- **Exercise data**
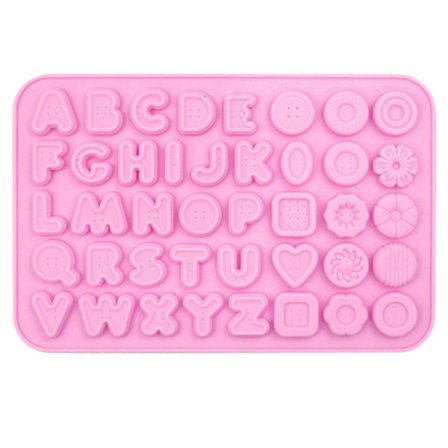 Silikoneform Bogstaver Form Genanvendelig Praktisk Formfrigørelse Knapper 3D Silikone Fondant Kageform til Gaver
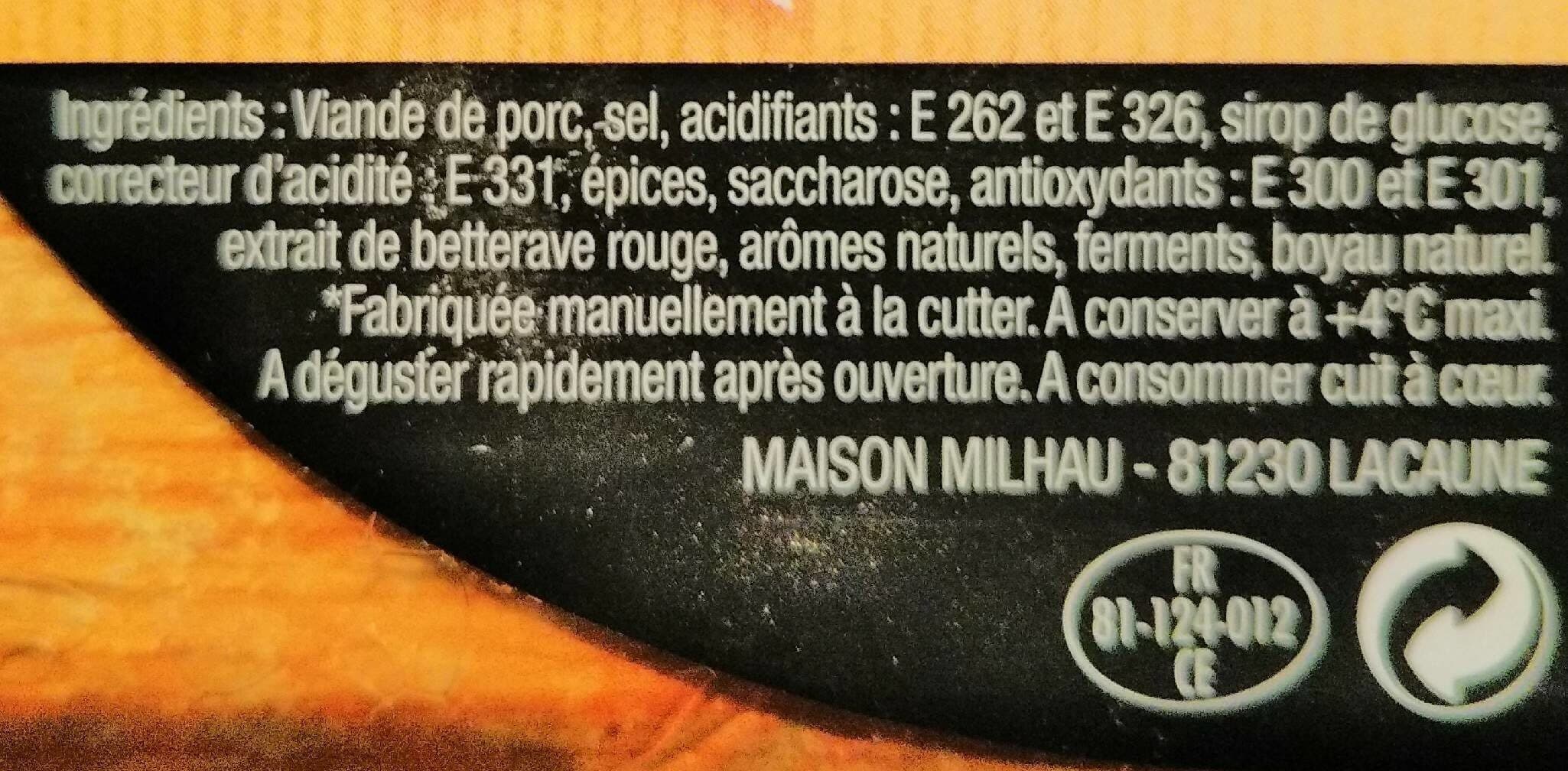 Milhau Saucisse fraiche supérieure Milhau packshot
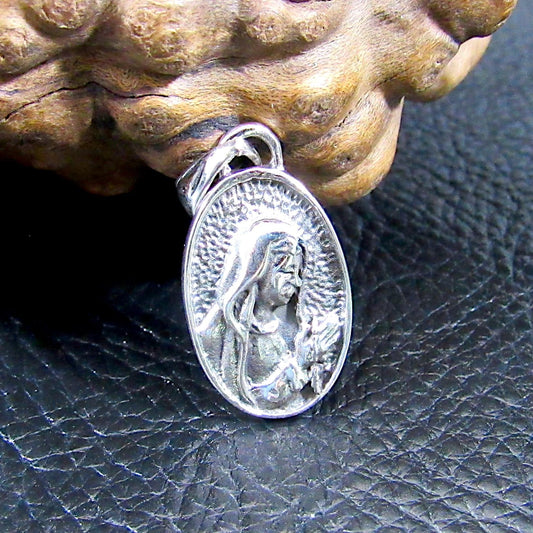 Solid 925 Sterling Silver Virgin Mary Sacred Heart Medal Pendant – Catholic Necklace Charm - Religious Christian Jewelry Gift for Women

- **Your goal**
Reproduce every line of the material above, but drop the pictures.

- **Answer to the problem**
 Silikoneform Bogstaver Form Genanvendelig Praktisk Formfrigørelse Knapper 3D Silikone Fondant Kageform til Gaver
 Milhau Saucisse fraiche supérieure Milhau packshot
 Solid 925 Sterling Silver Virgin Mary Sacred Heart Medal Pendant – Catholic Necklace Charm - Religious Christian Jewelry Gift for Women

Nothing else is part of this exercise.